Siempre he considerado que Rodríguez es un ejemplar bien representativo del progre medio español: sectario, cortito de miras y con una incultura oceánica. Con saberse al dedillo cuatro lemas y tres consignas que aplican indiscriminadamente a cualquier situación o contingencia ya les llega. Desde que alcanzó La Moncloa –y con él su grey de intelectuales de alto bordo, desde Suso de Toro a Ramoncín– no han parado en una iconoclastia necia que sólo rebalsa el pus y la baba de la venganza, en no pocos casos de dirigentes socialistas contra sus verdaderos padres, franquistas a carta cabal. Pero hay algo que intentan liquidar "como sea", divisa preferida de Rodríguez: el Valle de los Caídos. En estas mismas páginas (Rodríguez, el de Bamiyán) hemos comentado el odio especial con que distinguen al conjunto artístico, natural y religioso de Cuelgamuros –para ellos es inadmisible una cruz tan grande, sin desvirtuarla y escarnecerla– y ahora vuelven a la carga, con la zafiedad que les caracteriza, conculcando la libertad religiosa (impedir el acceso a los católicos a u n templo de su credo), ignorando el Concordato y aprovechando el día de la llegada del Papa a España para tratar de infligirle otra bofetada. Y, por supuesto, recordándonos que aquí mandan ellos –"Él", el Sabio de La Moncloa– porque ganaron en elecciones una precaria mayoría minoritaria.

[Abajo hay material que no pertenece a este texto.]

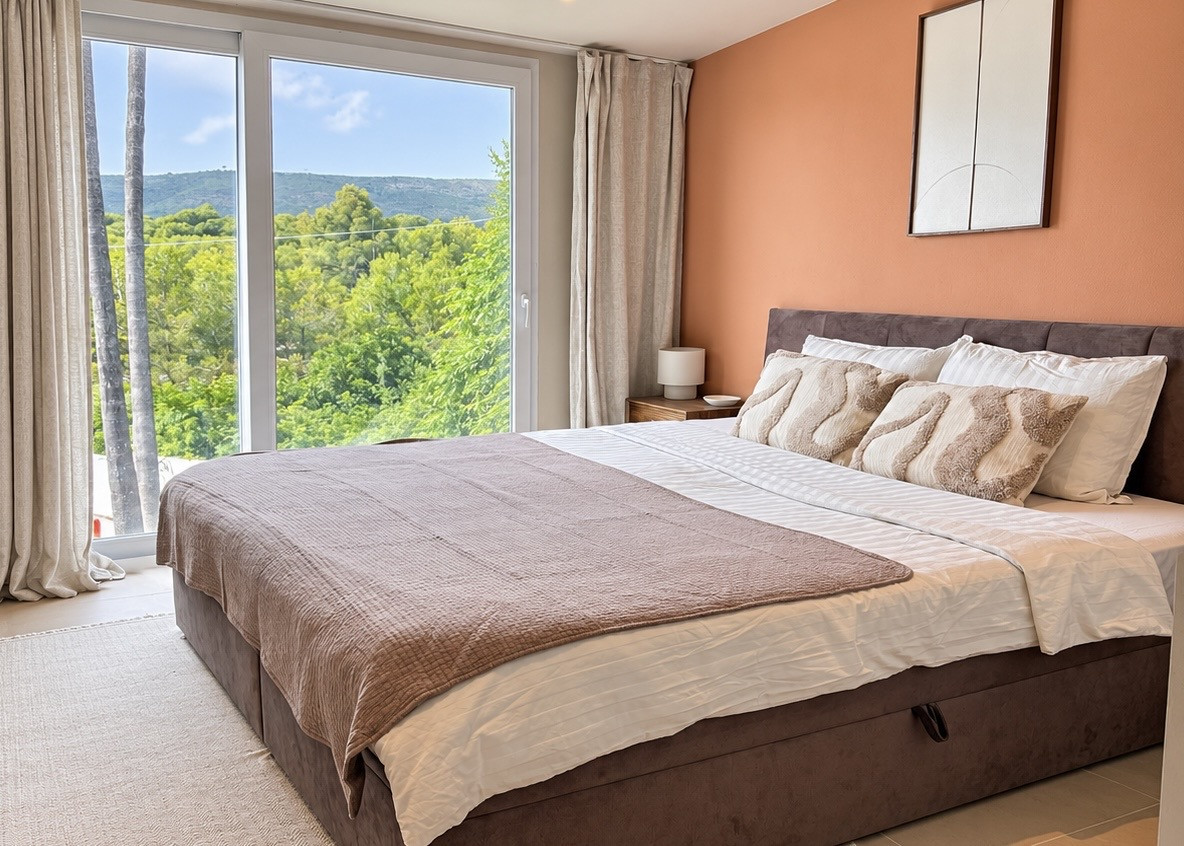 Dormitorio con vistas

También es cierto que junto al designio meramente vengativo subyace el electoralista: echar carnaza a su tropa para reavivar la mortecina y ya inencontrable vitola "de izquierda" en el PSOE, con la que tanto lustre se dan. Puesto que en materias socioeconómicas ese partido hace lo contrario de cuanto predica, hay que compensar a la parroquia con gestos maleducados como intentar desairar al Papa largándose a Afganistán, o permanecer sentado ante la bandera de EEUU; o inventar memeces como la inversión de los apellidos...¡por orden alfabético! Hay muchas más, pero no cansaremos al lector. A nada que se esfuerce podrá recordarlas (cambio climático, tercermundismo verbal, "la tierra es del viento" y etcétera) y quizás convengamos en que el objetivo de tal parafernalia es siempre el mismo: reenganchar al carro de la izquierda, con fines estrictamente electorales, a los cabreados por la traición al Polisario, por el paro o la congelación de las pensiones. Todo sea por el socialismo.